Ok first off the reason its bonus is cause it involves using integration (which we haven't covered yet)

But our teacher says that's what makes it a bonus problem.

Ok here is the problem.

A 1000 kg boat is traveling at 90 km/h where its engine is shut off. The magnitude of the frictional force f(k) between boat and water is proportional to the speed v of the boat: f(k) = 70v, where v is in meters per second and f(k) is in Newtons. Find the time required for the boat to slow down to 45 km/h.

1000 kg - boat
90 km/h - 25 m/s
45 km/h - 12.5 m/s

f(k) = 70v

a = dv/dt

f(k) = ma
f = (1000 kg)(dv/dt)

Integration Rule.

f(V) = V^X -> f(V)dt = (V^X+1/X+1) + C

dt = 1000kg (70v^2/2) + C
dt = 1000 kg 35v^2 + C
dt = ?

(yea...i'm not sure where to from here...)

Um, yea. Any help would be appreciated.

Thanks,

Tony Zalles

Homework Helper
Yes, f= ma= m dv/dt. In this situation the friction force is "proportional to the speed v of the boat: f(k) = 70v"

(Actually, that should be f= -70v since the force is always opposite to the direction of motion. I wouldn't actually write "f(k)" since f depends on v, not k. This is telling you that k= 70.)

f= ma becomes -70v= 1000 dv/dt or dv/dt= -0.07v

You might try rewriting this as (1/v)dv= -0.07 dt or
v-1dv= -0.07 dt and integrating. Unfortunately, the integration rule you give: the integral of xndx= 1/(n+1)xn+1+ C doesn't work here: n= -1 so n+1= 0 and you can't divide by 0!

The formulas you have:
dt = 1000kg (70v^2/2) + C
dt = 1000 kg 35v^2 + C
aren't correct. You have the v in the denominator.
(By the way, if the v were in the numerator, you get that result by integrating on BOTH sides. You would have "t= ...", not dt.)

Tony Zalles

um when I typed in f(k) I meant f subscript k, which is the coefficient of friction. Not f(k) as in, f*k.

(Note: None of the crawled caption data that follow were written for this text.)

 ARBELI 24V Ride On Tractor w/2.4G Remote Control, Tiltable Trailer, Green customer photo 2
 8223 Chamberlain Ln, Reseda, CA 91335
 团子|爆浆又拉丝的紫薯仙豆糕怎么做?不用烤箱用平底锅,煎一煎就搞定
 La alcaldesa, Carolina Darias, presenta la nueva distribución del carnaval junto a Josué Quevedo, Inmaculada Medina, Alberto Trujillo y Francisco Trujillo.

So sorry about that secondly...um I well picked up where I left off and came down to.

.035v^2 + C = dt

But my issue here is what is v? and C?

See cause the answer to this problem (from that back of our text) is 9.9s.

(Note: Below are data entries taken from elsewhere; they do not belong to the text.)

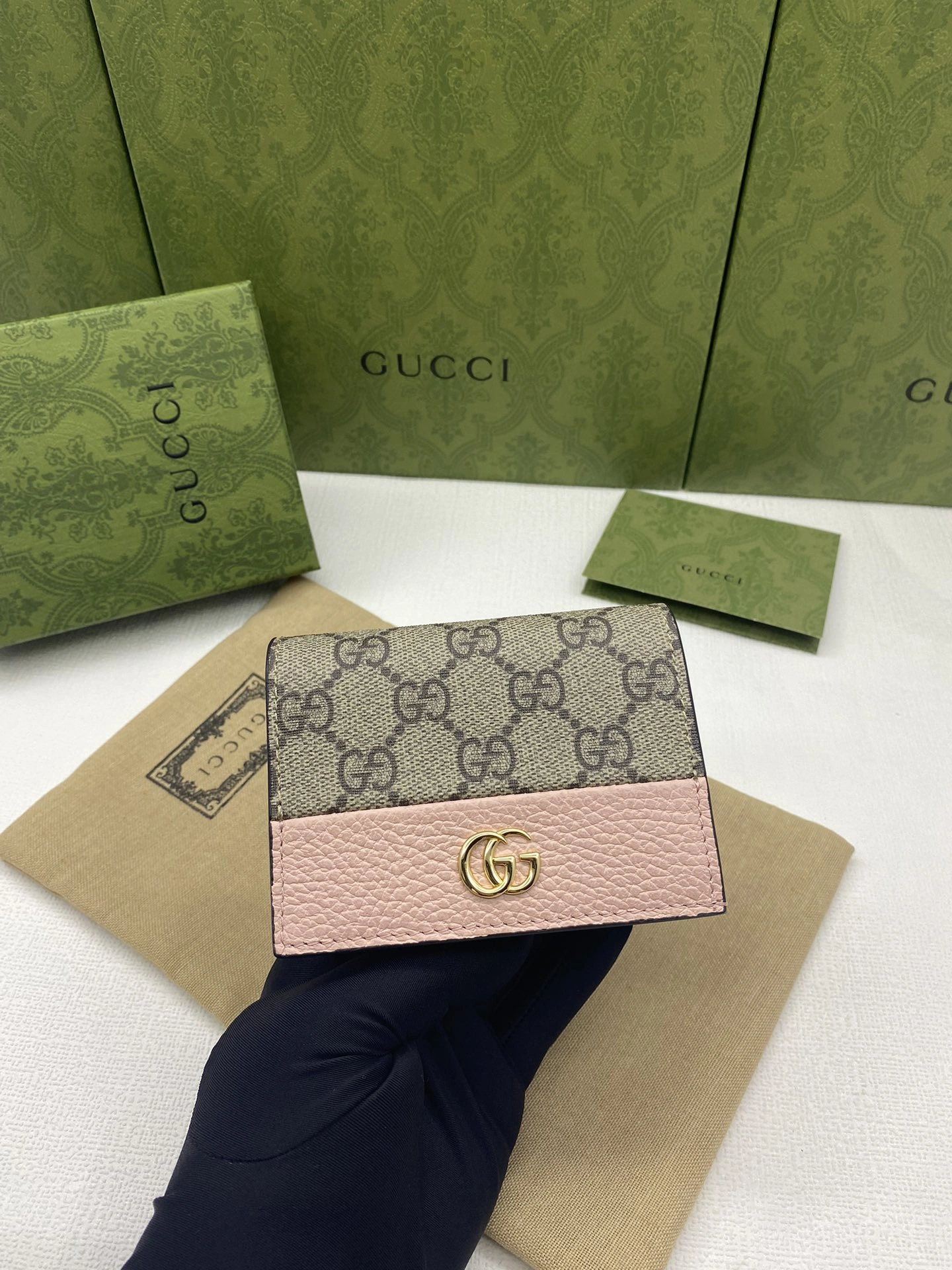 Snug Gucci Wallets Purse 56850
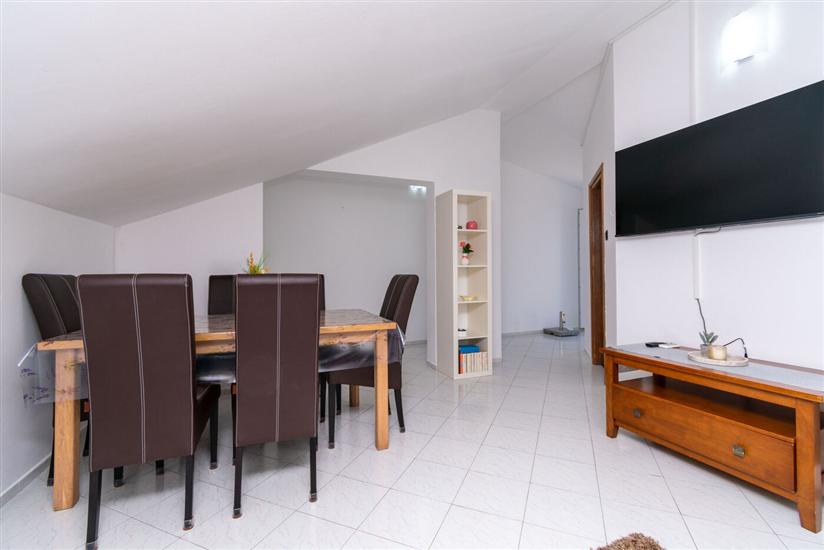 Apartment A3, for 6 persons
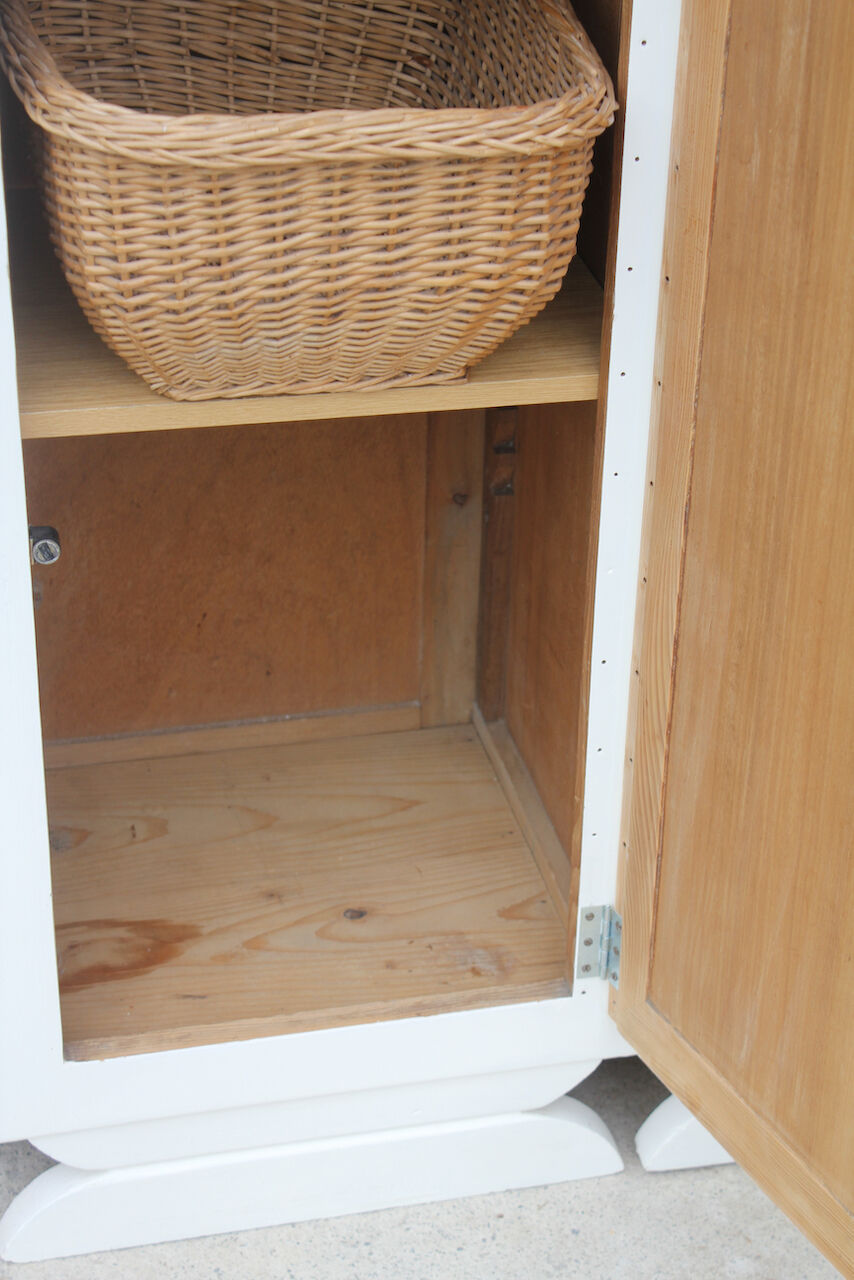 Art deco maid in solid wood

I know also that dv is 12.5 m/s

and that the forces evaluated by, f(k) = 70v, at 25 m/s and 12.5 m/s, are: 1750 N and 825 N

I'm still a bit stumped...

perhaps maybe you set 70v = m(dv/dt)...but then I don't know how to resolve my constant when integrating or what to do about v, since dv is already 12.5 m/s. I don't believe then in this case dv = v.

Yea...again, sorry for the mistype earlier and any help would ofcourse be appreciated.